Can someone with an active Firefox profile do this simple test for me?  Click File -> Save As and try to save somewhere the Apparmor profile shouldn't let you, and let me know the results.

----------


## rookcifer

I think someone else recently posted about the same issue on 10.10.  Not sure what the deal is.  A bug perhaps?

----------


## DodgeV83

> I think someone else recently posted about the same issue on 10.10.  Not sure what the deal is.  A bug perhaps?


I think that was me :-/

After installing Apparmor-notify, I can see in realtime that Apparmor is activated and working with my firefox install, but I can still "save-as" to random folders in my /home

Now I just need someone with 10.04 install and Apparmor installed to tell me if this is new behavior or not  :Smile:

----------


## Rubi1200

The default AppArmor profile for Firefox is quite permissive.

You may want to consider trying the profile kindly provided by bodhi.zazen and see if that suits your needs better:
http://bodhizazen.net/aa-profiles/bodhizazen/

Also, read the AppArmor sticky to understand how to put the profile in complain mode for troubleshooting purposes.

Hope this helps.

----------


## rookcifer

> The default AppArmor profile for Firefox is quite permissive.
> 
> You may want to consider trying the profile kindly provided by bodhi.zazen and see if that suits your needs better:
> http://bodhizazen.net/aa-profiles/bodhizazen/
> 
> Also, read the AppArmor sticky to understand how to put the profile in complain mode for troubleshooting purposes.
> 
> Hope this helps.


Yeah, but his profile apparently does not allow writing to a directory he is writing to.  So something is wrong somewhere, and I doubt it's the profile.

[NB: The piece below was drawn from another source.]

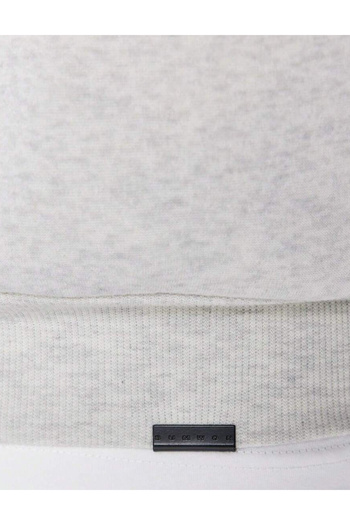 SHEIN SUMWON sweatshirt, gray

OP, can you post the entire Maverick 10.10 Firefox profile here so that we can be sure the profile really does allow what you claim it shouldn't?

----------


## bodhi.zazen

I do not know why the default firefox profile allows you to write to files in you home directory, you should:

1. Report this as a bug.

2. Customize the profile to disallow this behaviour. You can use my 10.04 profile if you wish or I will try to look at the 10.10 profiles over the next few days.

----------


## rookcifer

I am upgrading my system to Maverick now, so I will take a look at the profile when it's finished.

----------


## DodgeV83

I've had some luck explicitly denying things (Firefox said it didn't have the privileges to write to the folder), so I know Apparmor is working, but I don't think it's working as intended.  If a folder is set only to "r" and not "rw" this should mean Firefox can only read the folder and not write to the folder.  I should have to "deny" it.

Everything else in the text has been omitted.